(Dataset entries begins)
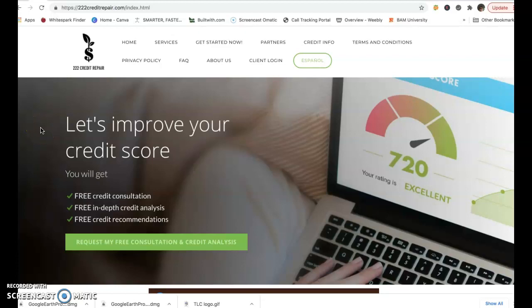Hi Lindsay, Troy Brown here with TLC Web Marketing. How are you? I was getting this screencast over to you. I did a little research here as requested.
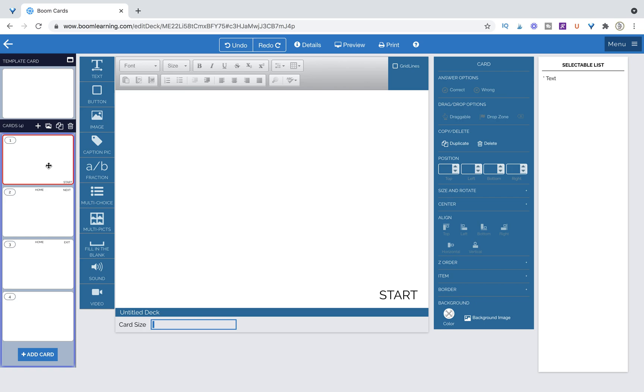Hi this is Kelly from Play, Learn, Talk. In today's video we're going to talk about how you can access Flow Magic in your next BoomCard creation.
(Dataset entries ends)
(Dataset entries begins)
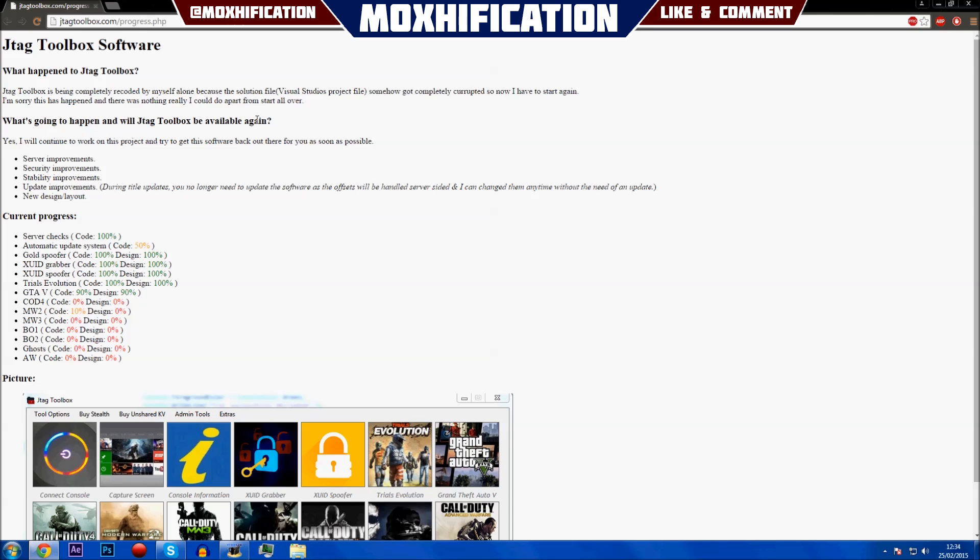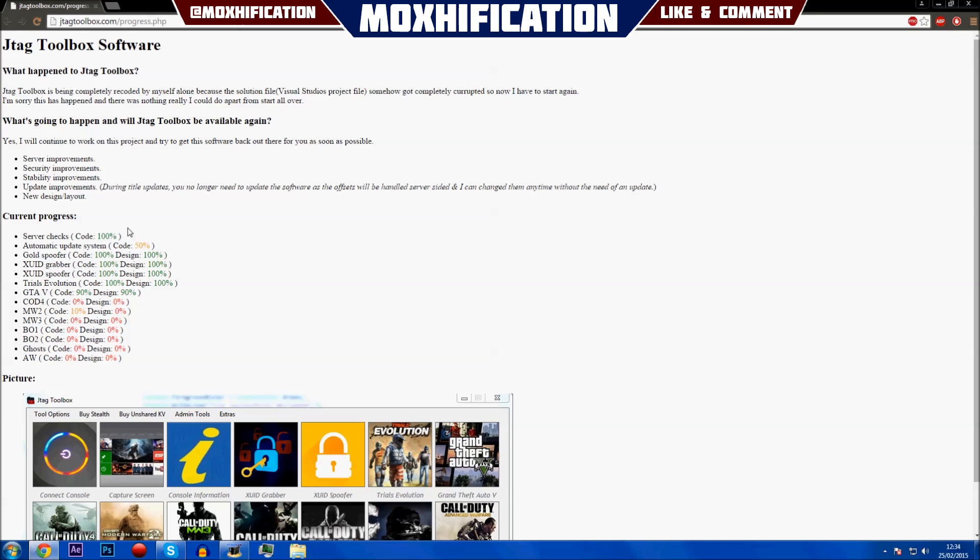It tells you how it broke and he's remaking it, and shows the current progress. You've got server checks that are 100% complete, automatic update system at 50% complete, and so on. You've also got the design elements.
(Dataset entries ends)
- **What is being asked**
Of the lines above, quote exactly those from the one with "Hi Lindsay, Troy" through the one with "Hi this is Kelly", ends included; pictures stay out.

- **Response to this exercise**
Hi Lindsay, Troy Brown here with TLC Web Marketing. How are you? I was getting this screencast over to you. I did a little research here as requested.
Hi this is Kelly from Play, Learn, Talk. In today's video we're going to talk about how you can access Flow Magic in your next BoomCard creation.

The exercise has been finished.